◆ **What is needed**
Transcribe the listing below exactly, leaving out each image.

◆ **Material for this task**
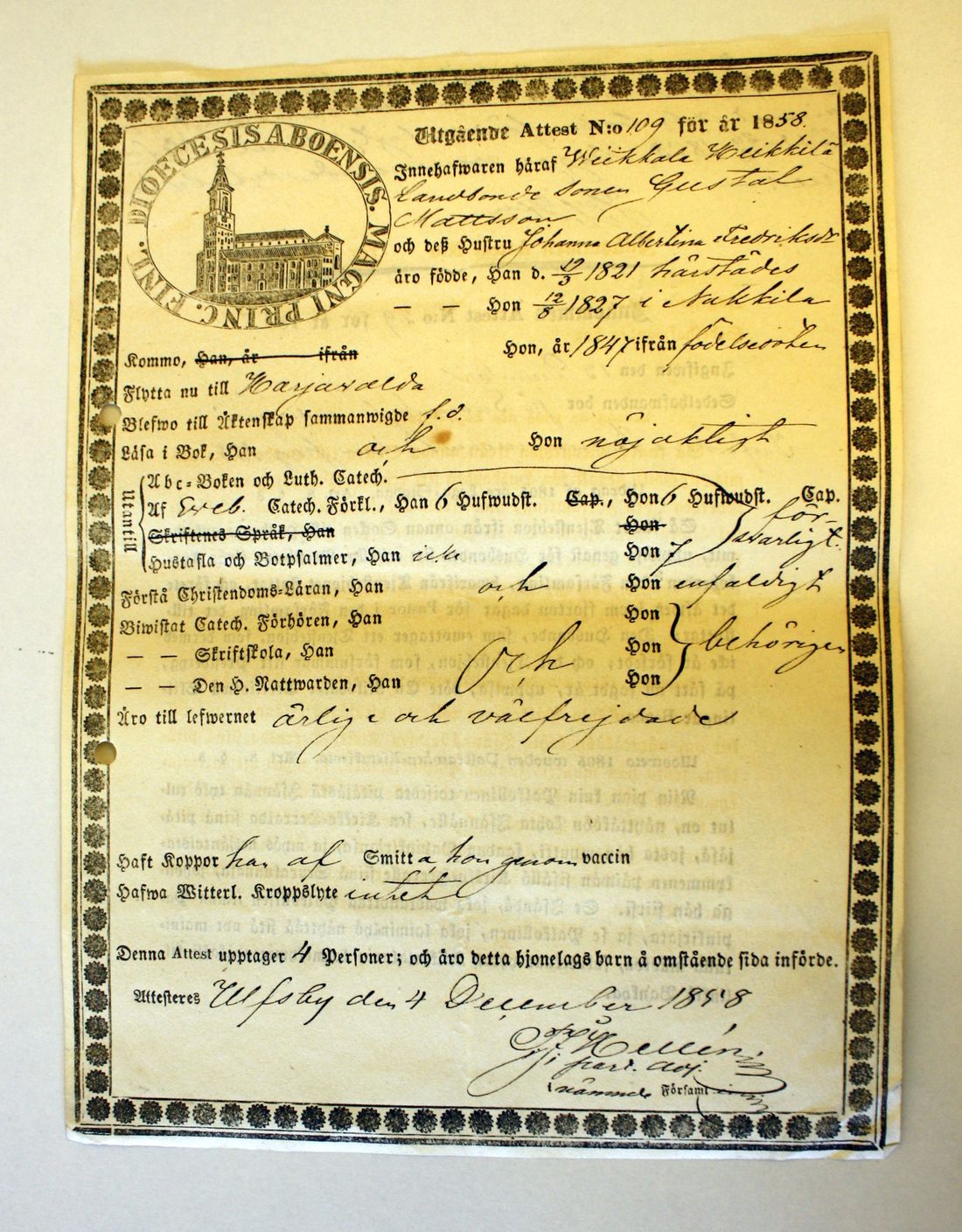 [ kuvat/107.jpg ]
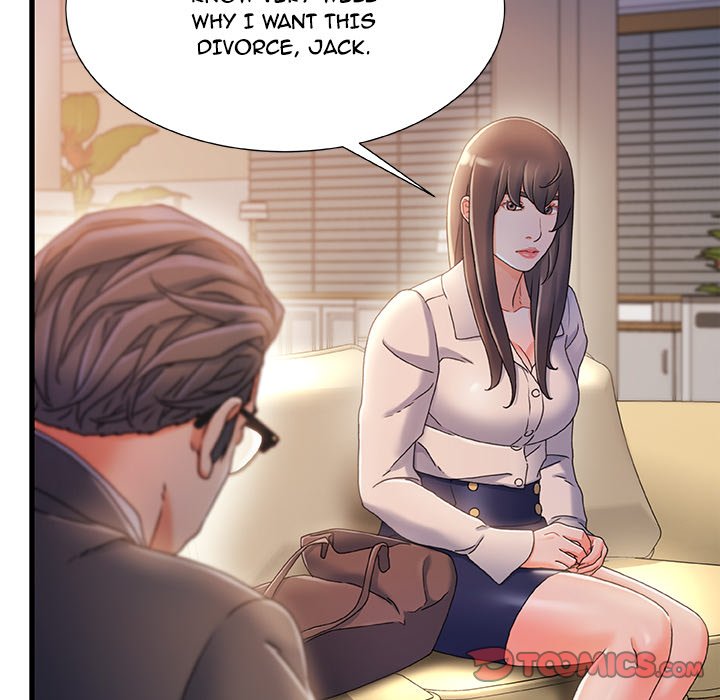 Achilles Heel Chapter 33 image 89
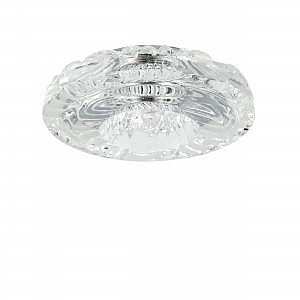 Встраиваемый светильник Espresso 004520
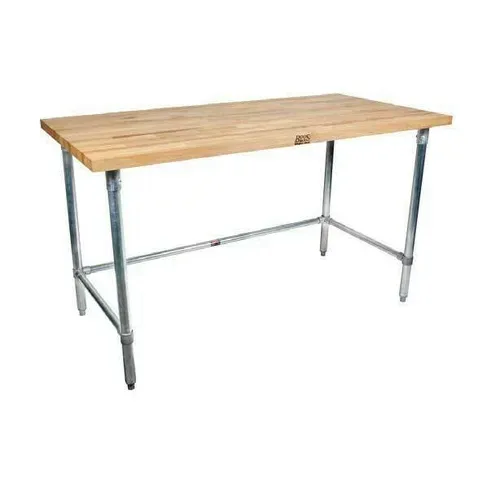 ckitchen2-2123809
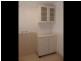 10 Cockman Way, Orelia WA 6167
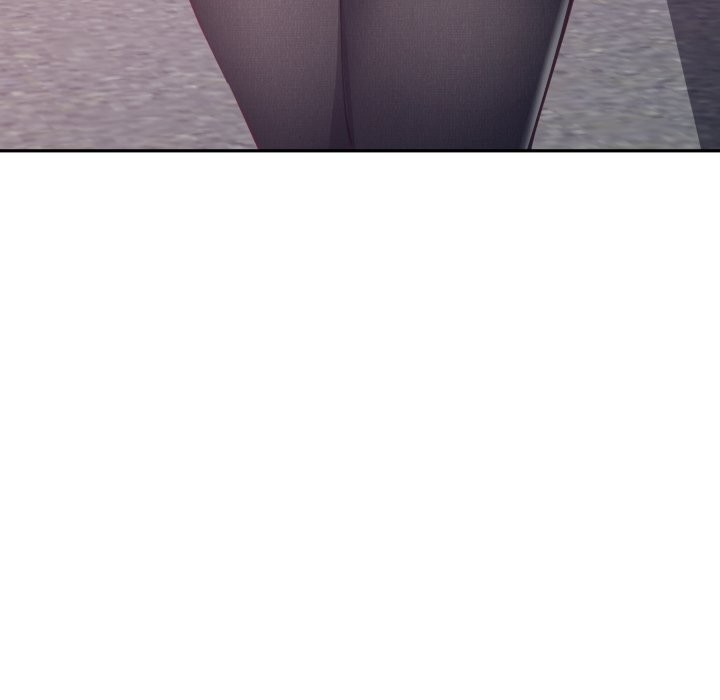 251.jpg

◆ **Task solution**
 [ kuvat/107.jpg ]
 Achilles Heel Chapter 33 image 89
 Встраиваемый светильник Espresso 004520
 ckitchen2-2123809
 10 Cockman Way, Orelia WA 6167
 251.jpg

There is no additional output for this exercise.